Thanksgiving is the truly American holiday. Forget the Pilgrims and the Indians--I'd rather recall the times in the 1930s when people were thankful first for their emergence from the Depression and then World War II. Those times were highlighted for the holiday with the 1936 Thanksgiving proclamation of Connecticut Governor Wilbur L. Cross (yes, I know you thought he was a parkway) and FDR's in 1944.

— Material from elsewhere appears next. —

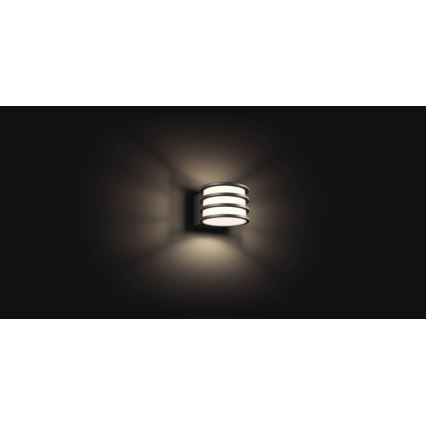 Philips - LED prigušiva spoljašnja zidna svetiljka Hue LUCCA 1xE27/9,5W/230V IP44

As for the day and the dinner, I opt for the traditional menu. The wonderful smell of a turkey roasting filled the house and there were plain roasted sweets and garlic mashed along with root vegetables and my daughter's brussels sprouts concoction (there always has to be a brussels sprout concoction--but this one was good) and her cranberry-orange sauce, with our traditional add-on, a nice salad, followed of course by the pumpkin pie (mine) and the apple pie (Vanessa's) and the pumpkin cheesecake (courtesy of Judyt Mandel).
This year we have a lot for which to be thankful. I could start with the election and then the happy chance that kept us on the edge of the Hurricane zone a few weeks ago, but most of all, Eileen was discharged from Hopkins Thursday morning so was here to enjoy the day with all of us. And she's recovering, day by day, with her usual perseverance.